Task directions » Print, word for word, the line containing "Ella__Kross on StripChat" and all lines beneath it to the end of the entries below. Pictures do not belong in the copy.

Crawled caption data
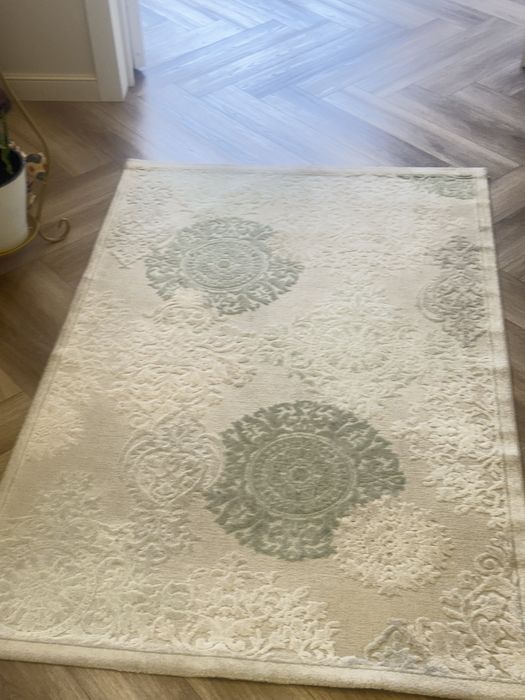 Продам ковер маленький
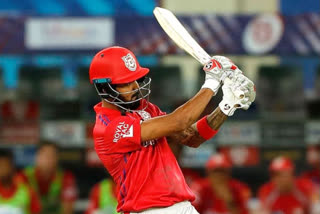 MI VS KXIP: de Kock, Krunal guide Mumbai to 176/6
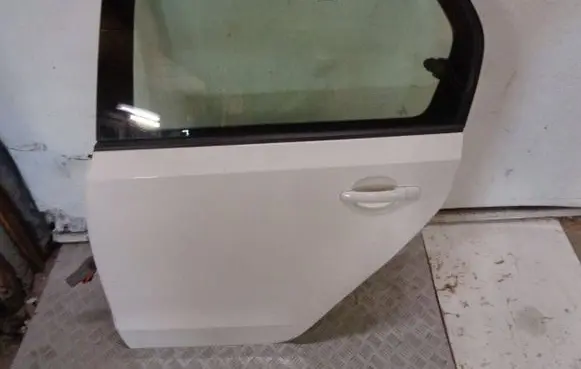 Seat Mii Rear door 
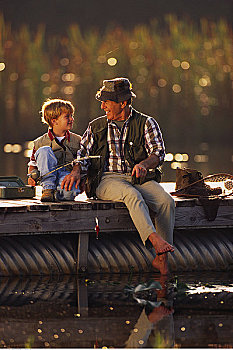 爷爷,孙子,钓鱼,码头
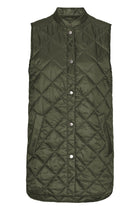 ILSE JACOBSEN PEARL SHORT QUILTED VEST | DEEP OLIVE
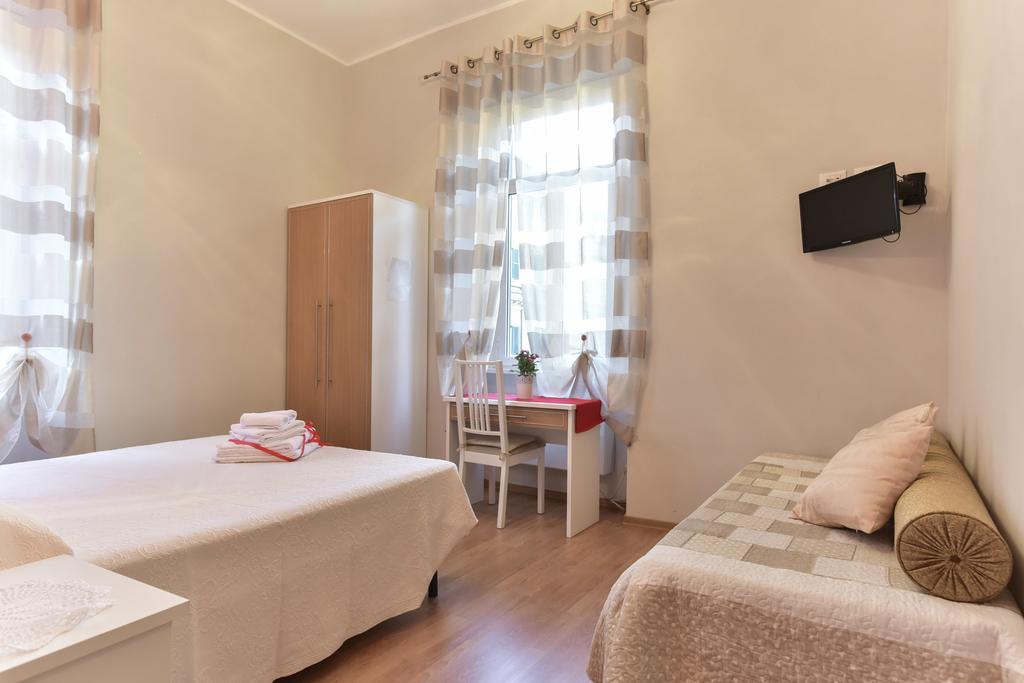 Claudia 3* Roma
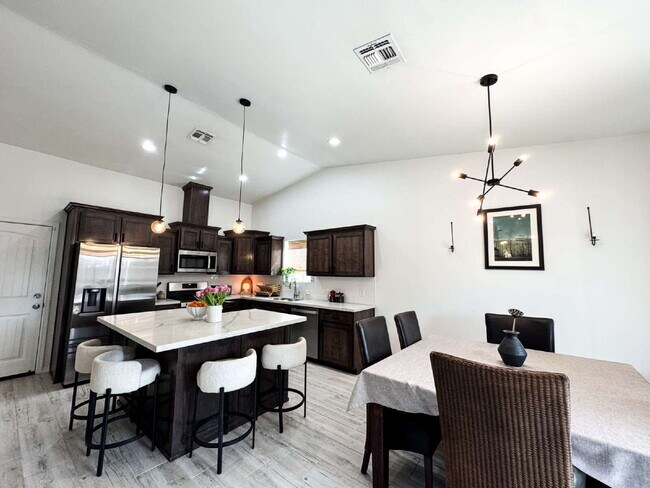 Building Photo - "Spacious 4-Bedroom, 2-Bathroom home in Prime Yuma!"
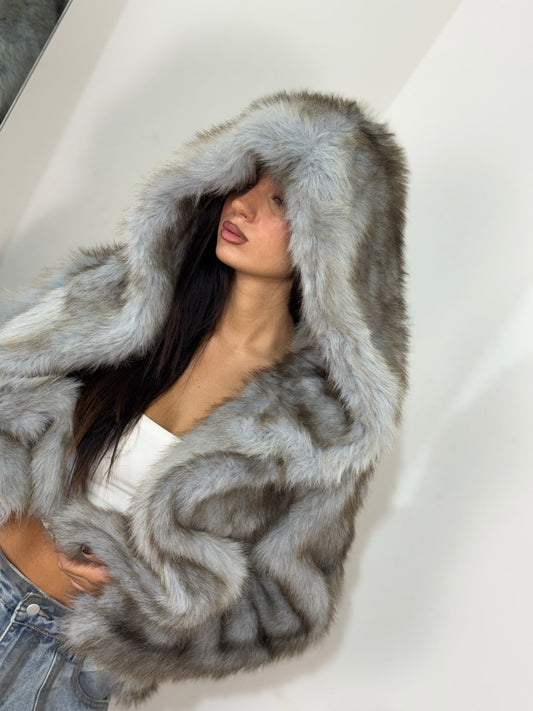 Pelliccia cappuccio sfumè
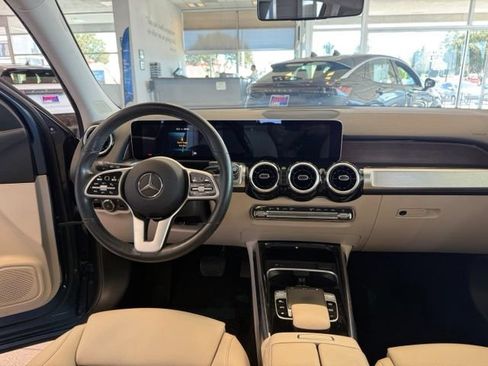 Used 2020 Mercedes-Benz GLB 250 4MATIC w/ Premium Package image 23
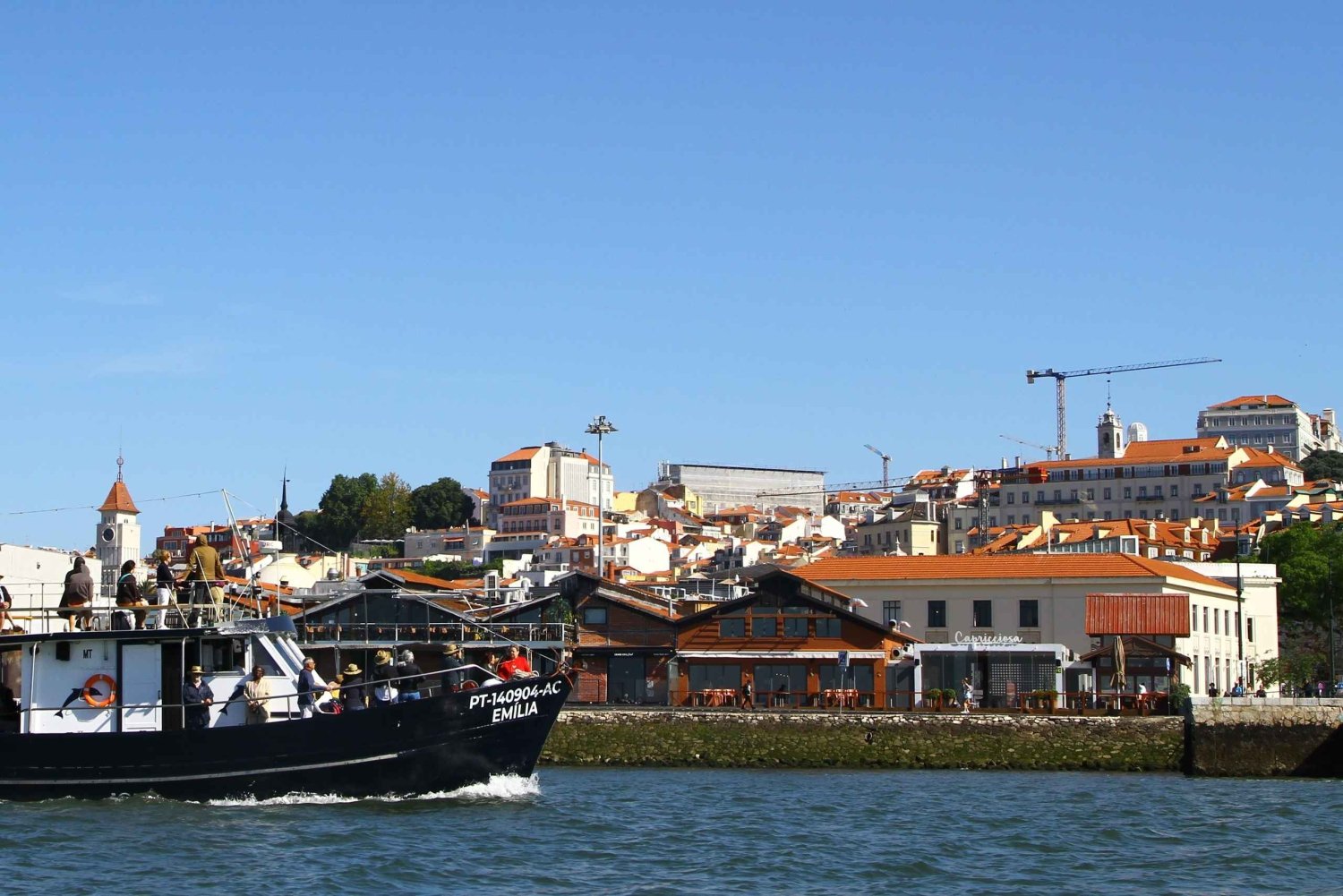 Cascais: Sonnenuntergangsfahrt nach Lissabon mit offener Bar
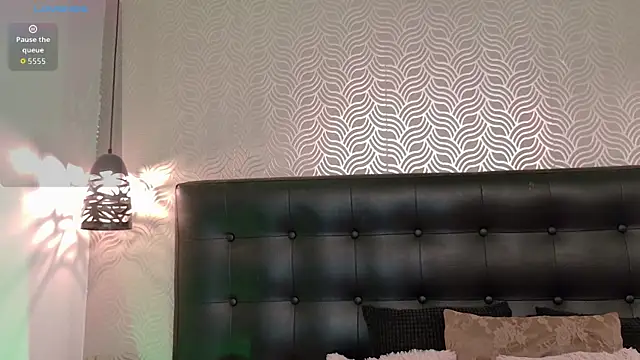 Sharonevanss  online show from April 13, 8:25 pm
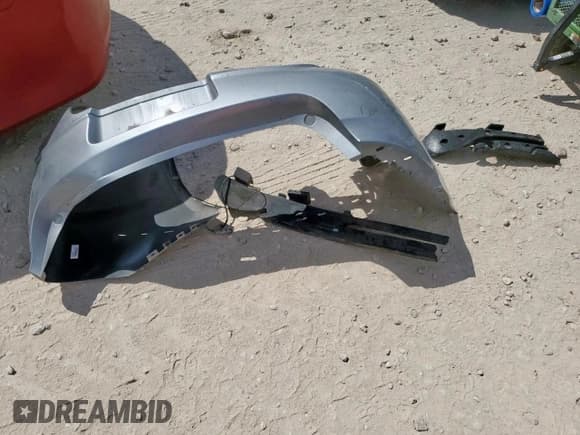 ✅ 2015 Dodge Dart SE • VIN: 1C3CDFAA6FD112299 • Лот: 83967075. Опубликован ранее на Copart с пробегом 166 017 миль. Бесплатный доступ к архиву аукционных продаж из США и подробный отчёт об истории автомобиля на DreamBid. Изображение 12.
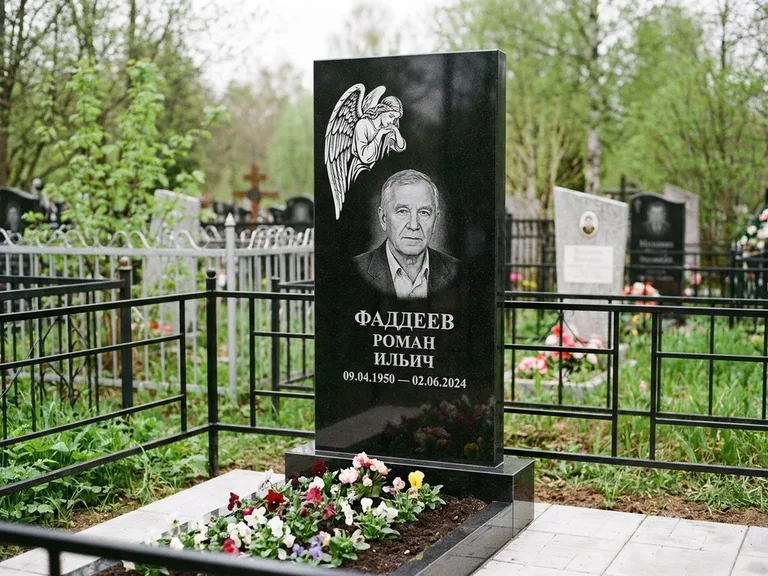 Памятник с гравировкой ангела — белая гравировка скорбящего ангела над портретом, работа «Фаддеев» в Тюмени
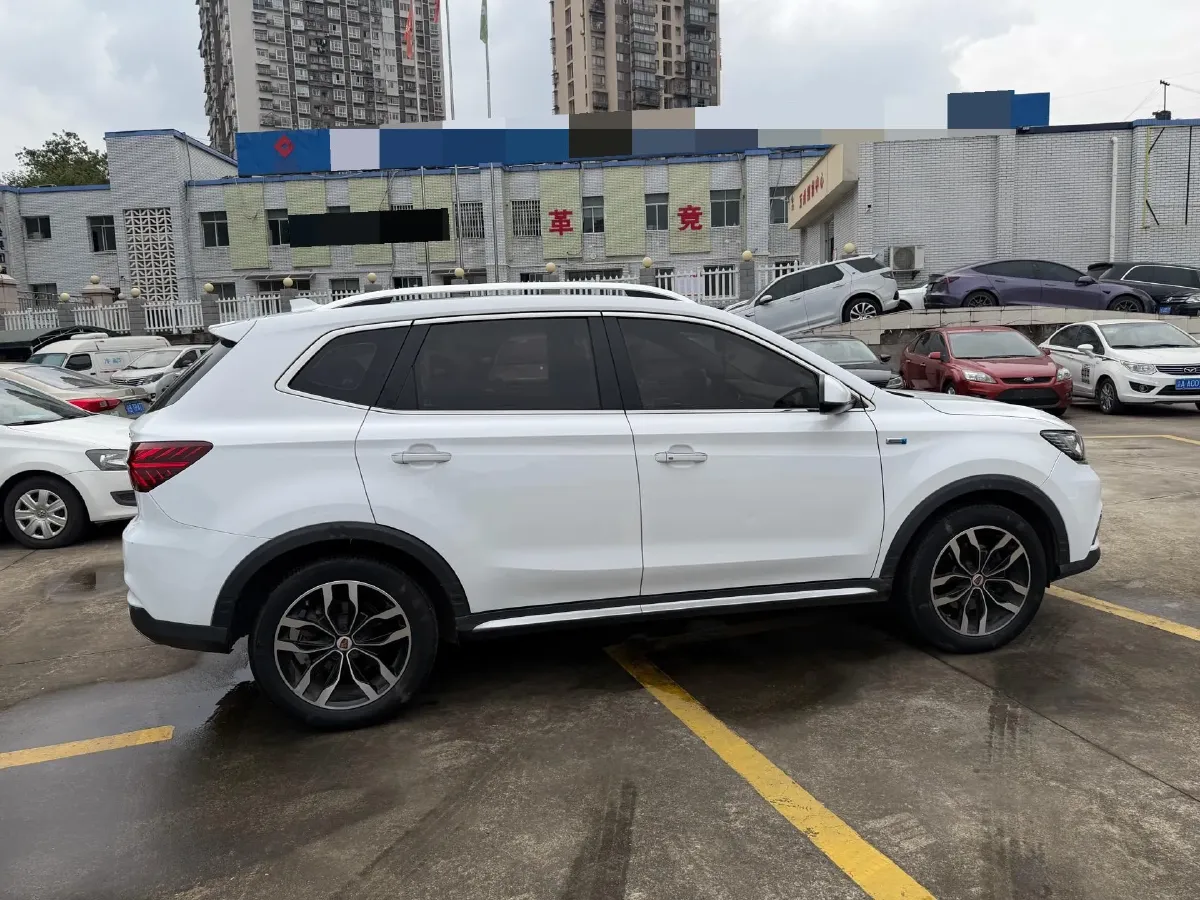 2018 Roewe RX5 2.0T 220HP L4 6DCT,autocango,china used car exporter,china ev exporter,chinese used car exporter,chinese used ev exporter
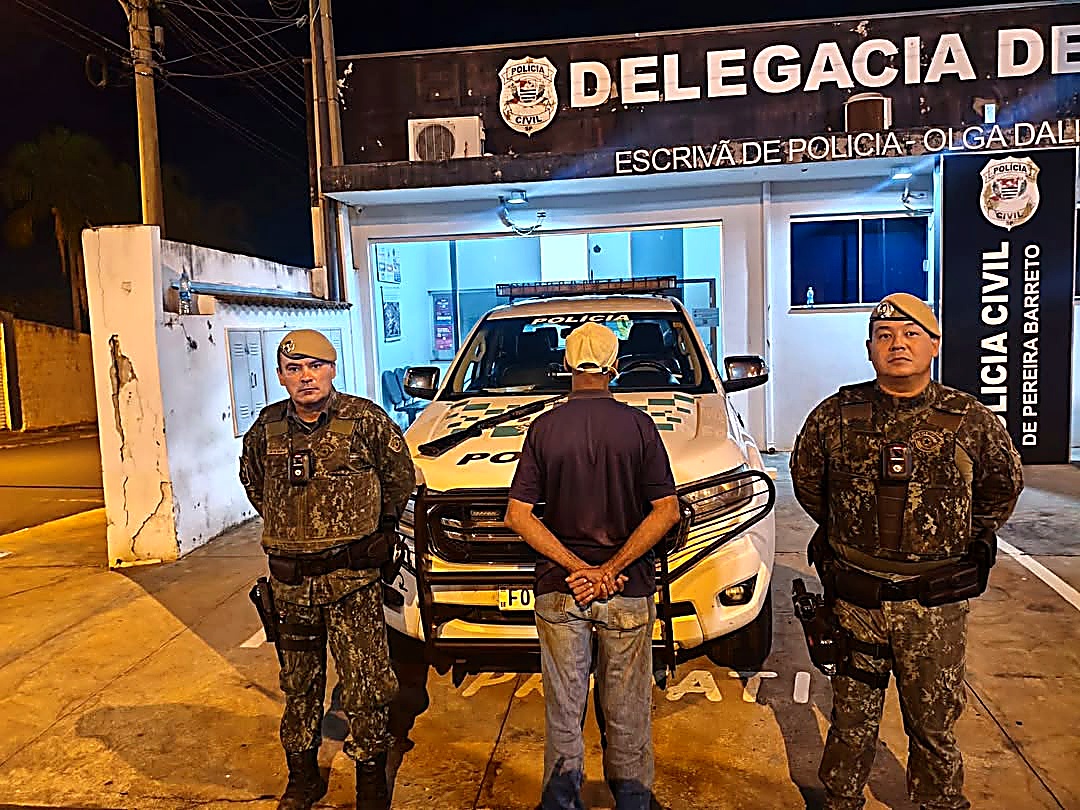 Caseiro é preso com arma e ave silvestre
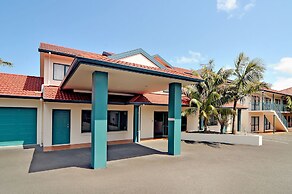 Academy at Botany Motor Inn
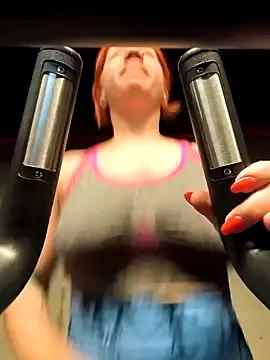 Ella__Kross on StripChat 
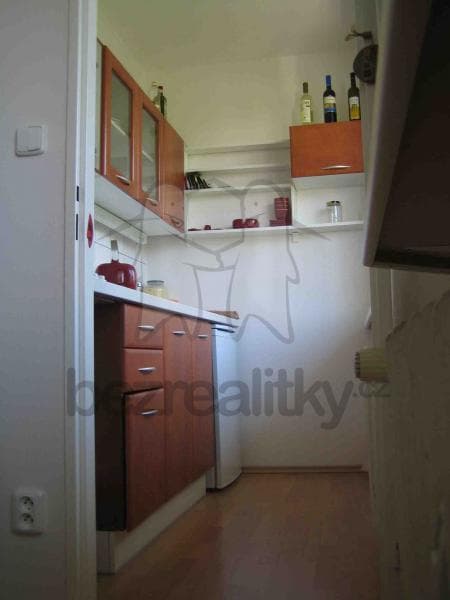 Studio flat to rent, 34 m², Hurbanova, Prague, Prague Studio flat to rent, 34 m², Hurbanova, Prague, Prague
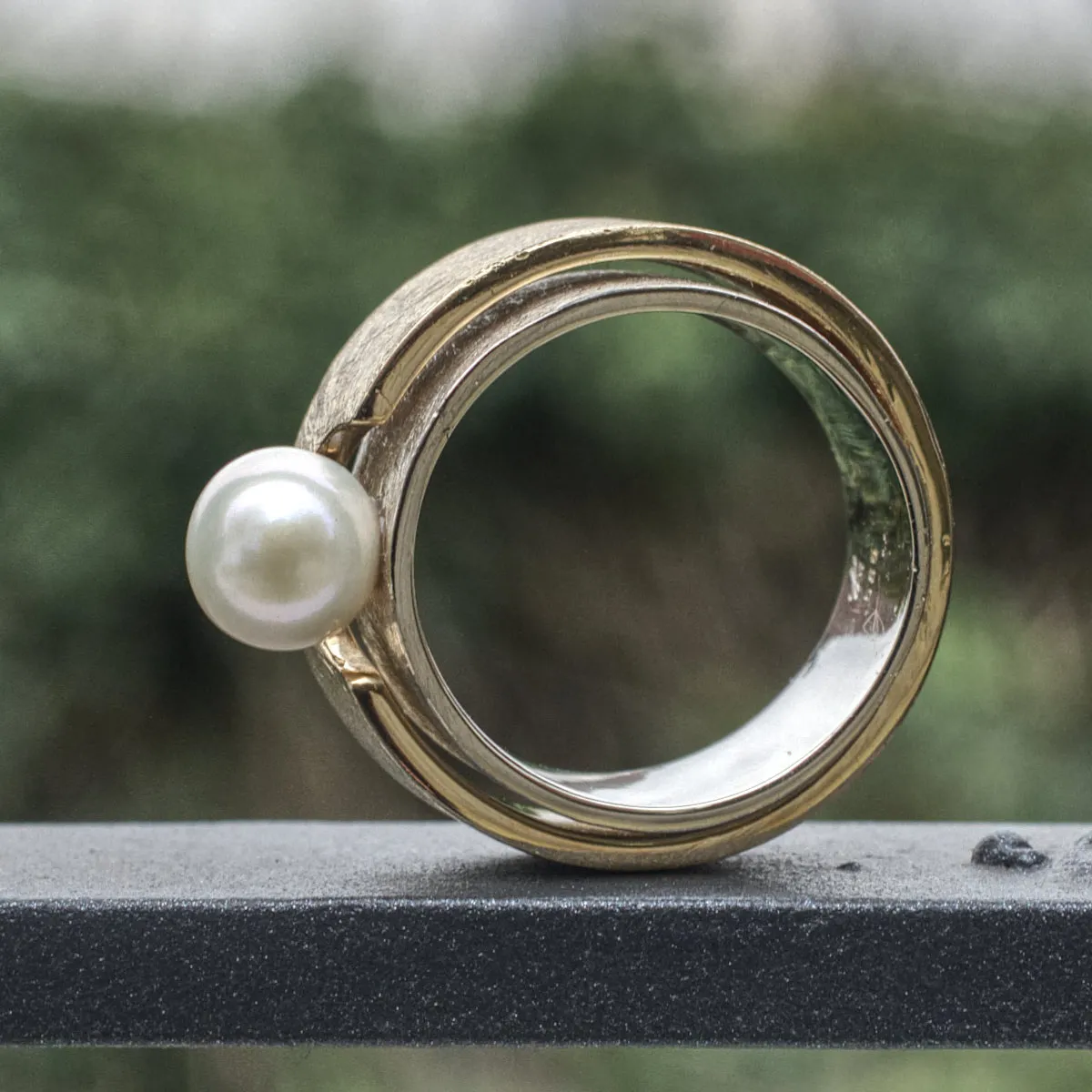 Doppelring zweifarbig mit Perle 5 Doppelschiene mit Perle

Task solution »
 Ella__Kross on StripChat 
 Studio flat to rent, 34 m², Hurbanova, Prague, Prague Studio flat to rent, 34 m², Hurbanova, Prague, Prague
 Doppelring zweifarbig mit Perle 5 Doppelschiene mit Perle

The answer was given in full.